#### [WHAT IS REQUIRED]
Up to and including the line bearing "Children's Alphabet Webbing", output every line of the entries exactly as written, starting from the first; pictures stay out.

#### [AVAILABLE DATA]

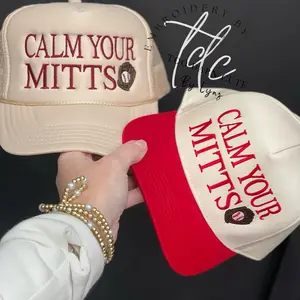 Calm Your Mitts Foam Trucker Hat, Machine Embroidery, Baseball Mom Hat, Game Day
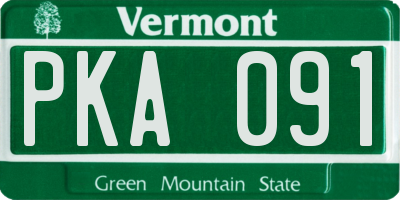 VT license plate PKA091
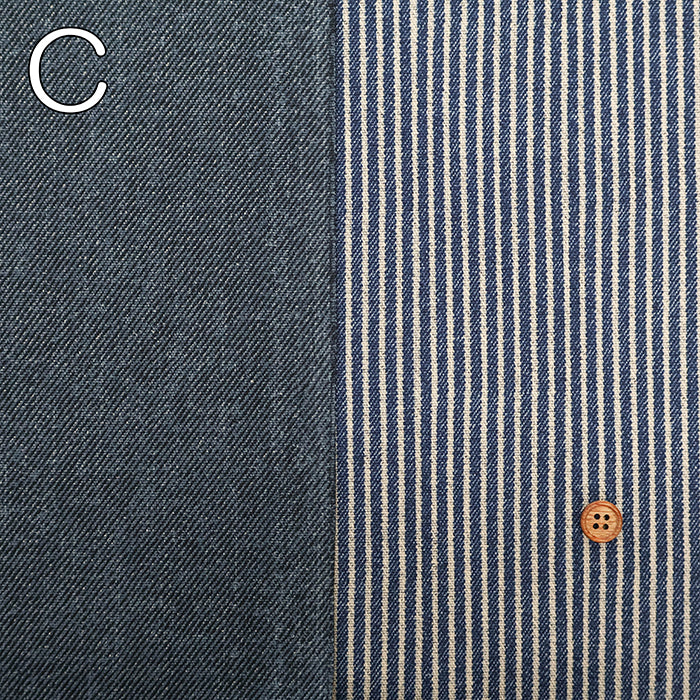 Cotton Oxford Fabric - Denim-style Reverse Stripe - nomura tailor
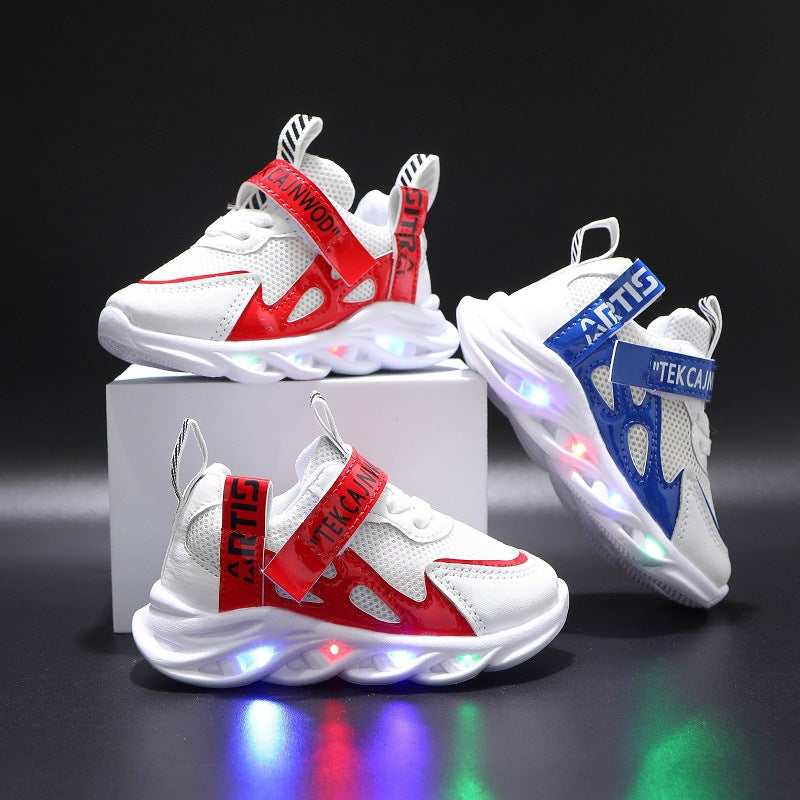 Children's Alphabet Webbing Mesh Breathable Kids Luminous Shoes Casual Sports Shoes - Fabs things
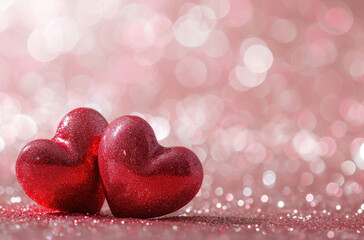 Fototapeta premium Two Red Hearts Resting on a Table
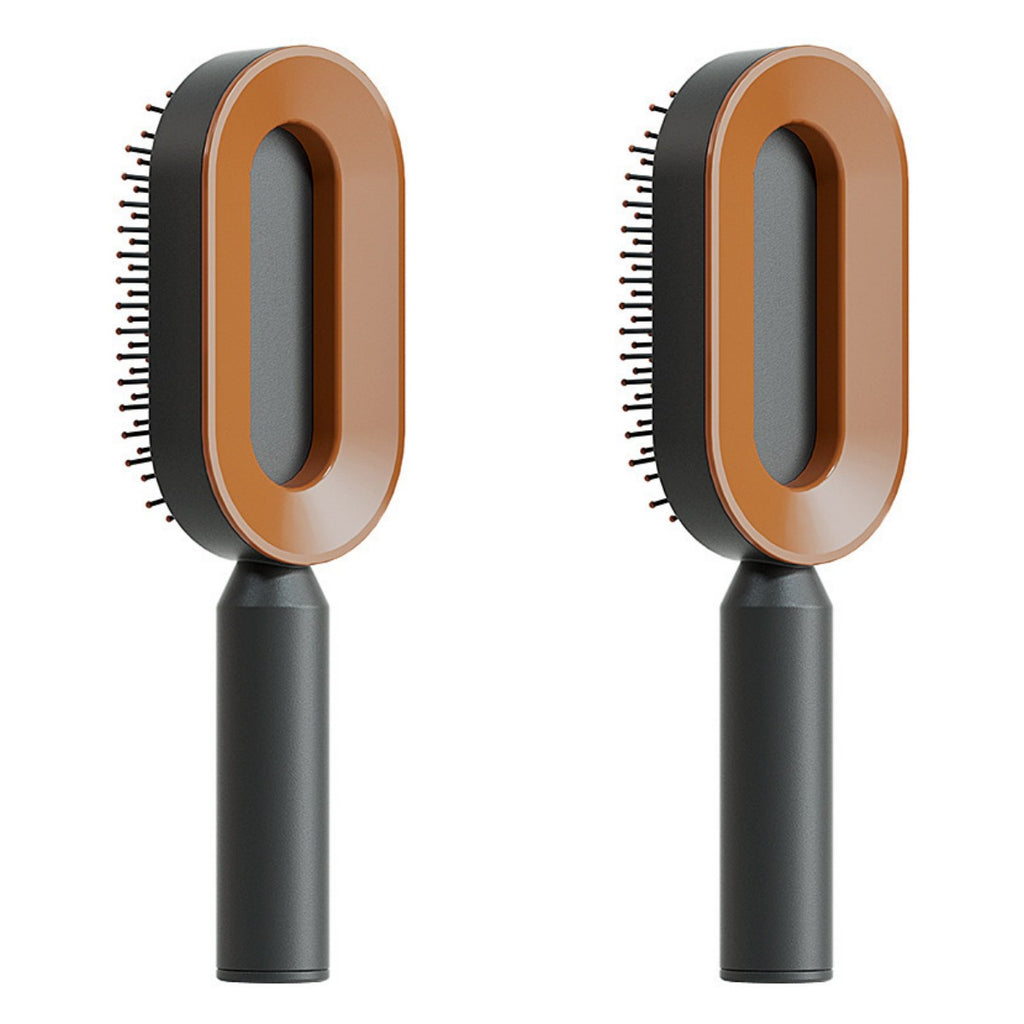 Air-cushion hairbrush — Set J; 2 black-and-gold air-cushion brushes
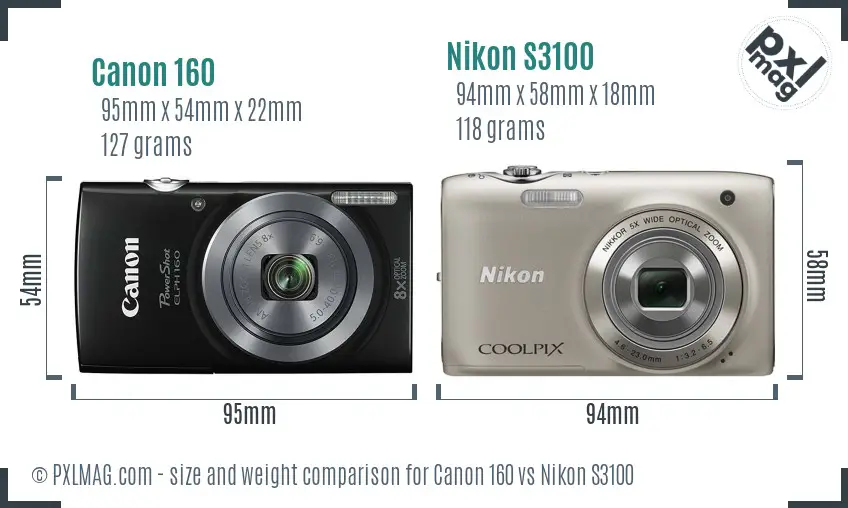 Canon 160 vs Nikon S3100 size comparison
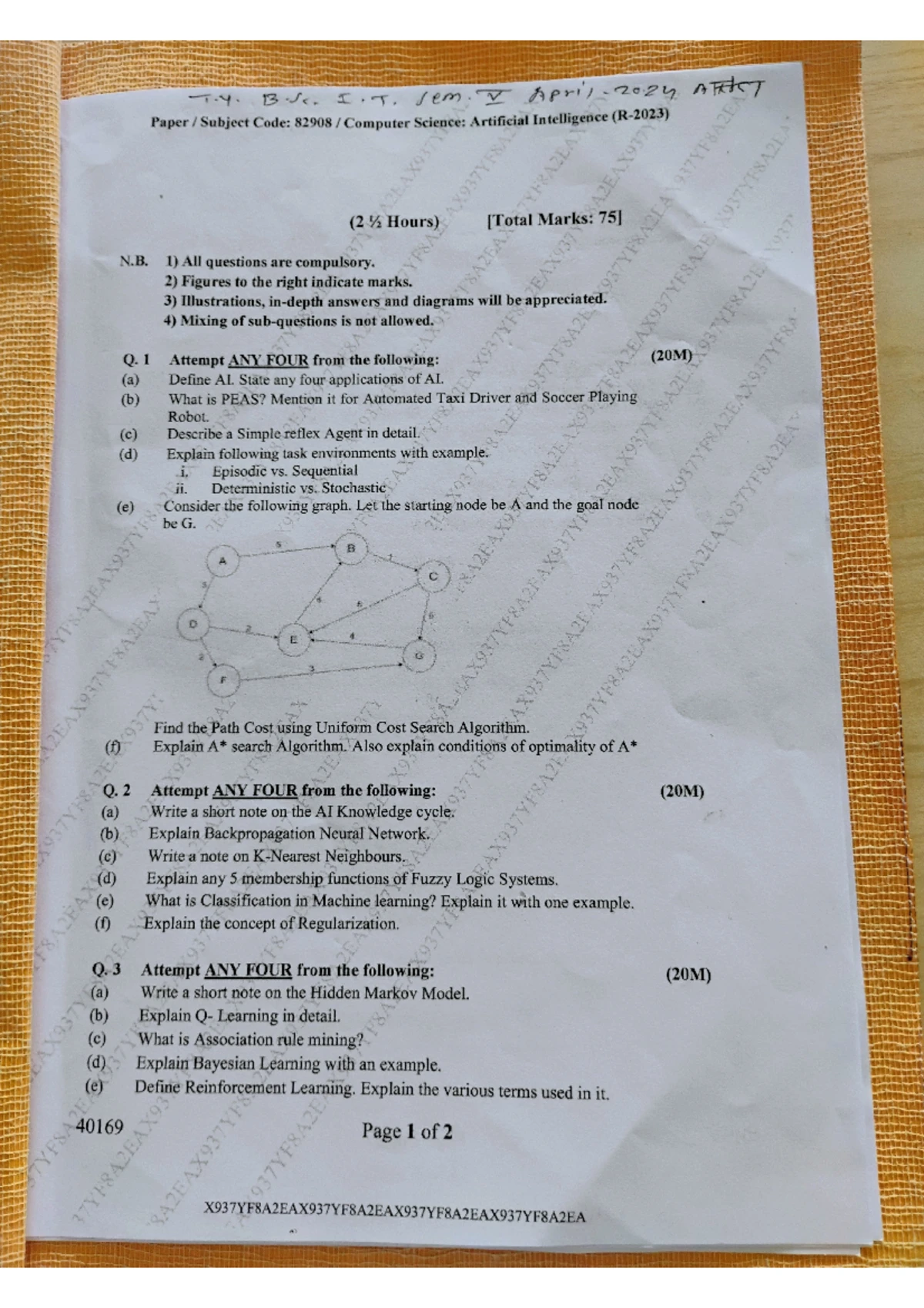 IOT Internet of things - Paper Subject Code: of Things (2 Hours) Marks ...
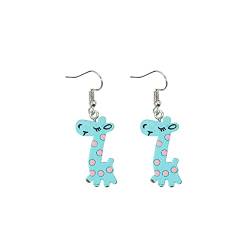 Tonsee Accessoire Frauen Ohrringe Ohrhänger Cartoon niedliche Giraffe baumeln Ohrringe Geburtstagsgeschenke für Frauen Mädchen Ohrringe Taucher (Blue, One Size) von Tonsee Accessoire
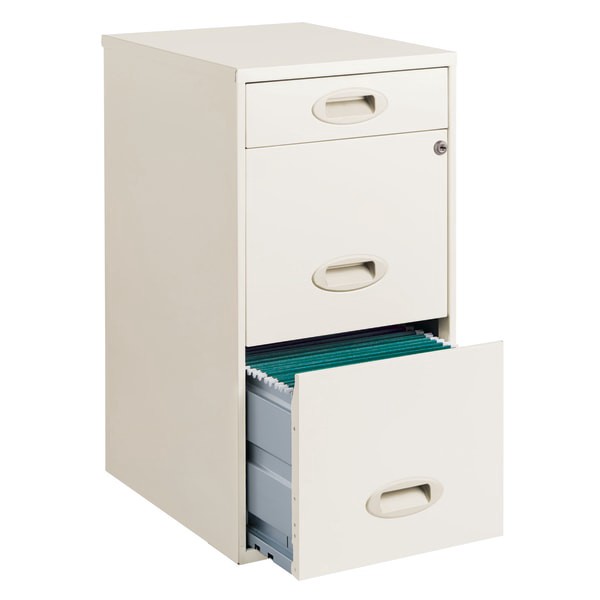 slide 6 of 10, Realspace 18''D Vertical 3-Drawer File Cabinet, Metal, Pearl White, 1 ct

#### [TASK RESPONSE]
 Calm Your Mitts Foam Trucker Hat, Machine Embroidery, Baseball Mom Hat, Game Day
 VT license plate PKA091
 Cotton Oxford Fabric - Denim-style Reverse Stripe - nomura tailor
 Children's Alphabet Webbing Mesh Breathable Kids Luminous Shoes Casual Sports Shoes - Fabs things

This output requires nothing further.